====== Data supplied ======
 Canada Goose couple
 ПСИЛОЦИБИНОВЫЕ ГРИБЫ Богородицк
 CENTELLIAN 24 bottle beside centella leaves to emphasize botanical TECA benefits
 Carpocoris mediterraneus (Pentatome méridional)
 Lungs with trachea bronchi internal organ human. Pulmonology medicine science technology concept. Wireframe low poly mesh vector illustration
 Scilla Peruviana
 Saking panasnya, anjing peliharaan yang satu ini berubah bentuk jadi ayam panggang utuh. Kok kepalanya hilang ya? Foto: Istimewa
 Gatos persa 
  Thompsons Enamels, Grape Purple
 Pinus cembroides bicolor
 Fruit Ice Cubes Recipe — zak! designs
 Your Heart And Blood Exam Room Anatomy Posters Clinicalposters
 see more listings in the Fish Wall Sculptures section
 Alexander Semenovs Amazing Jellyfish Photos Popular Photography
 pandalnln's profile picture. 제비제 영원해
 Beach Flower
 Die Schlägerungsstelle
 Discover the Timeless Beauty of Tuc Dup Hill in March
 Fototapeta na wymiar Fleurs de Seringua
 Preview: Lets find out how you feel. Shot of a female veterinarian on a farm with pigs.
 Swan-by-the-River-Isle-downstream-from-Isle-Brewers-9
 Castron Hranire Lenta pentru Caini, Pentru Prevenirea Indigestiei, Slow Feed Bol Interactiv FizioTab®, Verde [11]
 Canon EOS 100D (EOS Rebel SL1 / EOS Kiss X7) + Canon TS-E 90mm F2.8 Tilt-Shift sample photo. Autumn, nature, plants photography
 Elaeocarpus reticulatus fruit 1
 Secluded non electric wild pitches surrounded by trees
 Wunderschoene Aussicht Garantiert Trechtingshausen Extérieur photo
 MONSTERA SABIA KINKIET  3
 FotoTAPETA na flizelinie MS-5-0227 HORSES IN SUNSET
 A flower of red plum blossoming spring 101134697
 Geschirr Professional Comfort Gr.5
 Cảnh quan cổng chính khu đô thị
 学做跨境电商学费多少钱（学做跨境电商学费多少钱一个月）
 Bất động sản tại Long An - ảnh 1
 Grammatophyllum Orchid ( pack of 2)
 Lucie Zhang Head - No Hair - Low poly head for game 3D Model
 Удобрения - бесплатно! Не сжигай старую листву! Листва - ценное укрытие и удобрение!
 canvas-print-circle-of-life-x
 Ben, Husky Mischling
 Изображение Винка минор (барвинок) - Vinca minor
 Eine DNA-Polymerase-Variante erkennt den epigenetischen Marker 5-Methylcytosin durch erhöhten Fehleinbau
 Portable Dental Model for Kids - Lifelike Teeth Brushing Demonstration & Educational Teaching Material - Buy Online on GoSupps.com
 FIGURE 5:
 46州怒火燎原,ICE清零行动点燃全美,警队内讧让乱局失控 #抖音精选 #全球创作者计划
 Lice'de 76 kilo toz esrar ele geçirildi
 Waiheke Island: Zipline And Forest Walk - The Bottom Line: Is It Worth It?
======
Where a line in the listing above contains "with", copy that line.

_Completed task_
 Lungs with trachea bronchi internal organ human. Pulmonology medicine science technology concept. Wireframe low poly mesh vector illustration
 Preview: Lets find out how you feel. Shot of a female veterinarian on a farm with pigs.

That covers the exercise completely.